[EXERCISE GOAL]
Begin at the line below that holds "First Tour Eiffel Otel Paris" and end at the line that holds "Red Palace Apartament", transcribing each line exactly and skipping any picture.
═════ MATERIAL FOR THIS TASK ═════
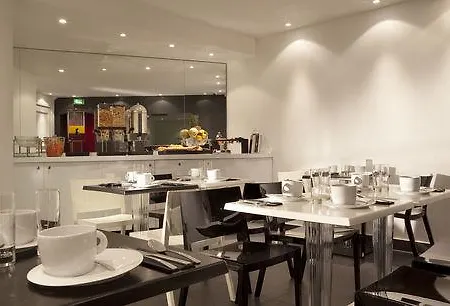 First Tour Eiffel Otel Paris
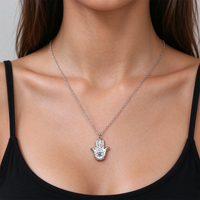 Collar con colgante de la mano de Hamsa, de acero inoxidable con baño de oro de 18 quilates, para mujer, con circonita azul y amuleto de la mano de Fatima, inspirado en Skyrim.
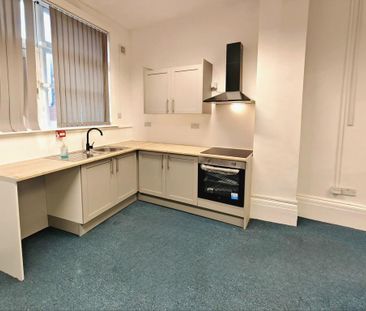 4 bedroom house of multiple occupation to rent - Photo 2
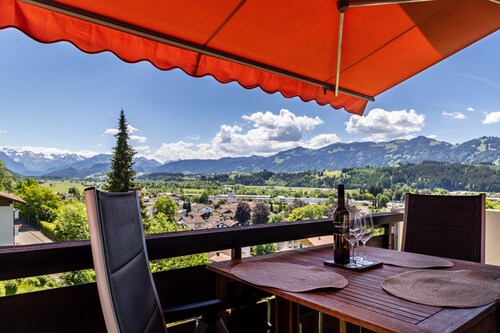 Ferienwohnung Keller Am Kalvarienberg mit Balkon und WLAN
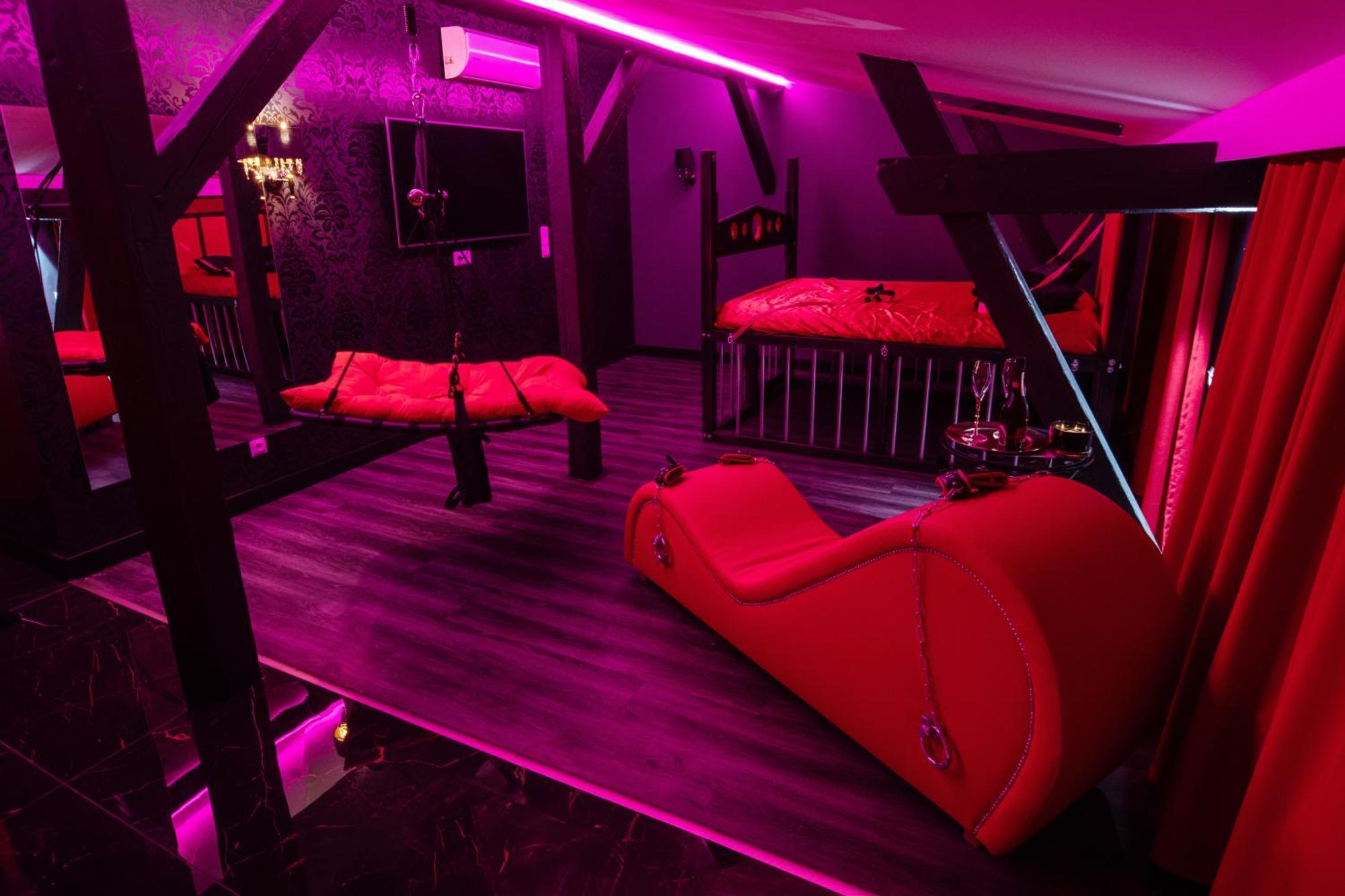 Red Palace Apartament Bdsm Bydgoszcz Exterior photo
═════
═════ MATERIAL FOR THIS TASK ═════
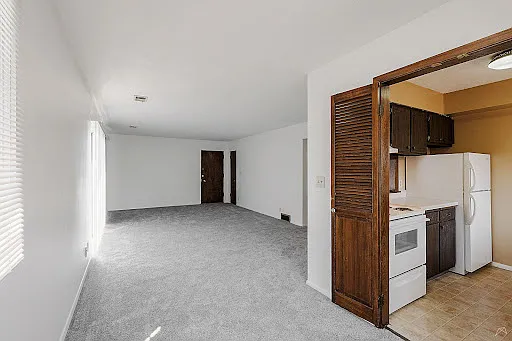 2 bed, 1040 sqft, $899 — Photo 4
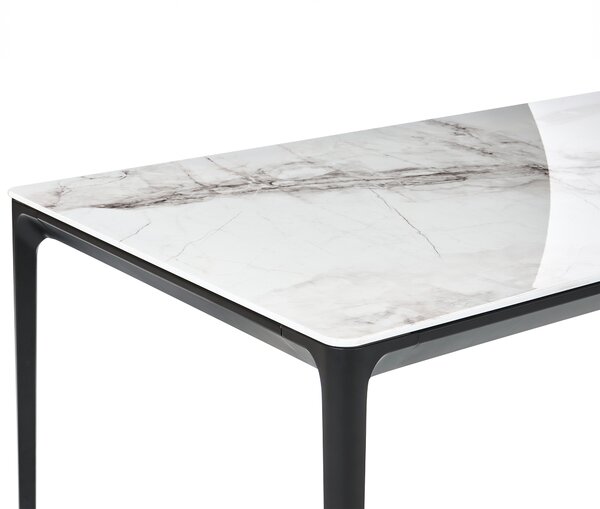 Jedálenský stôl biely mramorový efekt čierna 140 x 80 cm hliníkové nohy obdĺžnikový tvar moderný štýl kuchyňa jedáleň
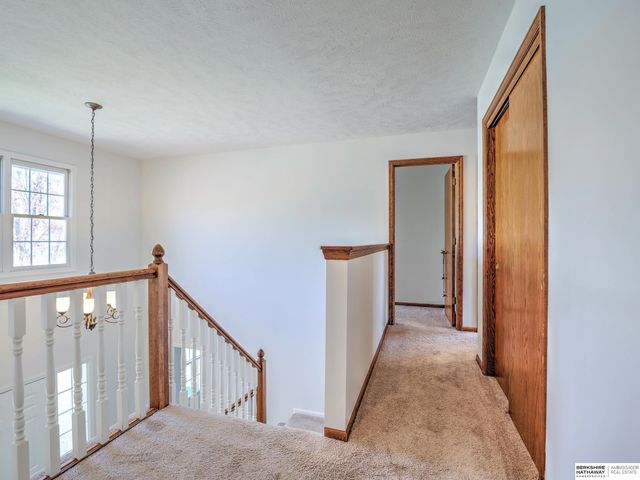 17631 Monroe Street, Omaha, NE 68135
═════
═════ MATERIAL FOR THIS TASK ═════
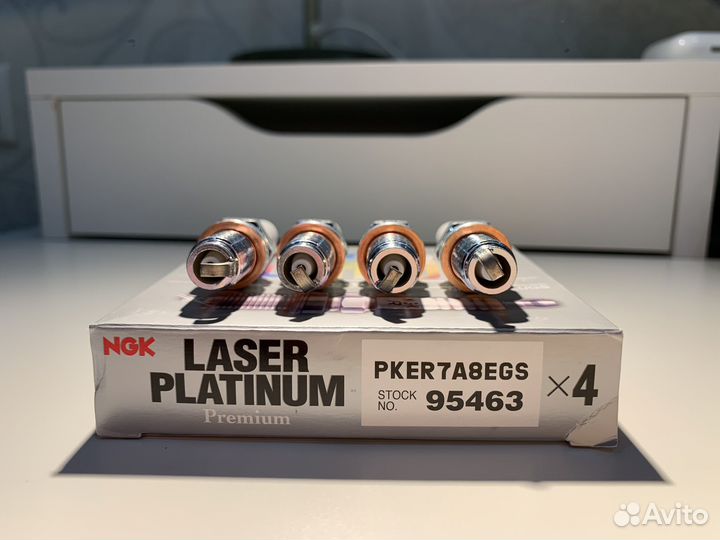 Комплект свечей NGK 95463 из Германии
═════
[RESPONSE BELOW]
 First Tour Eiffel Otel Paris
 Collar con colgante de la mano de Hamsa, de acero inoxidable con baño de oro de 18 quilates, para mujer, con circonita azul y amuleto de la mano de Fatima, inspirado en Skyrim.
 4 bedroom house of multiple occupation to rent - Photo 2
 Ferienwohnung Keller Am Kalvarienberg mit Balkon und WLAN
 Red Palace Apartament Bdsm Bydgoszcz Exterior photo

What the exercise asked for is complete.